Skip to contents

This set of functions is an alternative to the bootBW() function. This set attempts to make the blocked weighted bootstrap algorithm more efficient through vectorisation and use of parallelisation techniques. The function syntax has been kept consistent with bootBW() for ease of transition. A more in depth discussion of the efficiencies gained from this alternative function is discussed here.

Usage

boot_bw(
  x,
  w,
  statistic,
  params,
  outputColumns = params,
  replicates = 400,
  strata = NULL,
  parallel = FALSE,
  cores = parallelly::availableCores(omit = 1)
)

boot_bw_parallel(
  x,
  w,
  statistic,
  params,
  outputColumns = params,
  replicates = 400,
  strata = NULL,
  cores = parallelly::availableCores(omit = 1)
)

boot_bw_sequential(
  x,
  w,
  statistic,
  params,
  outputColumns = params,
  replicates = 400,
  strata = NULL
)

boot_bw_weight(w)

boot_bw_sample_clusters(x, w, index = FALSE)

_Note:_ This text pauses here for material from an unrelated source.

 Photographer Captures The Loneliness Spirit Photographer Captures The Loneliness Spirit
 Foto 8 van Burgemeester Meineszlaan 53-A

boot_bw_sample_within_clusters(cluster_df)

Arguments

x

A data.frame() with primary sampling unit (PSU) in variable named psu and at least one other variable containing data for estimation.

w

A data.frame() with primary sampling unit (PSU) in variable named psu and survey weights (i.e. PSU population) in variable named pop.

statistic

Am estimator function operating on variables in x containing data for estimation. The functions bootClassic() and bootPROBIT() are examples.

params

Parameters specified as names of columns in x that are to be passed to the function specified in statistic.

outputColumns

Names to be used for columns in output data.frame(). Default to names specified in params.

replicates

Number of bootstrap replicates to be performed. Default is 400.

strata

A character value for name of variable in x providing information on how x is grouped such that resampling is performed for each group. Default to NULL for no grouping and resampling is performed for full data.

parallel

Logical. Should resampling be done in parallel? Default to FALSE.

cores

The number of computer cores to use or number of child processes to be run simultaneously. Default to one less than the available number of cores on current machine.

index

Logical. Should index values be returned or a list of data.frame()s. Default to FALSE.

cluster_df

A list of data.frame()s for selected clusters.

Value

For boot_bw(), a data.frame() with number of columns equal to length of outputColumns; number of rows equal to number of replicates; and, names of variables equal to values of outputColumns. For boot_bw_weight(), A data.frame() based on w with two additional variables for weight and cumWeight. For boot_bw_sample_clusters(), either a vector of integers corresponding to the primary sampling unit (psu) identifier of the selected clusters (when index = TRUE) or a list of data.frame()s corresponding to the data for the selected clusters (when index = FALSE). For boot_bw_sample_within_clusters(), a matrix similar in structure to x of resampled data from each selected cluster.

Examples

boot_bw(
  x = indicatorsHH, w = villageData, statistic = bootClassic, 
  params = "anc1", replicates = 9, parallel = TRUE
)
#> 
#> ── Resampling in parallel ──
#> 
#>  Setting up 3 parallel operations
#>  Setting up 3 parallel operations [302ms]
#> 
#>  Resampling with 9 replicates in parallel
#>  Resampling with 9 replicates in parallel [767ms]
#> 
#>  Tidying up resampling outputs
#>  Tidying up resampling outputs [22ms]
#> 
#>  Closing 3 parallel operations
#>  Closing 3 parallel operations [15ms]
#> 
#> $params
#> [1] "anc1"
#> 
#> $replicates
#> [1] 9
#> 
#> $strata
#> NULL
#> 
#> $boot_data
#>        anc1
#> 1 0.2363465
#> 2 0.2167766
#> 3 0.1907895
#> 4 0.2003863
#> 5 0.2114475
#> 6 0.2924805
#> 7 0.1790763
#> 8 0.2573599
#> 9 0.2370479
#> 
#> attr(,"class")
#> [1] "boot_bw" "list"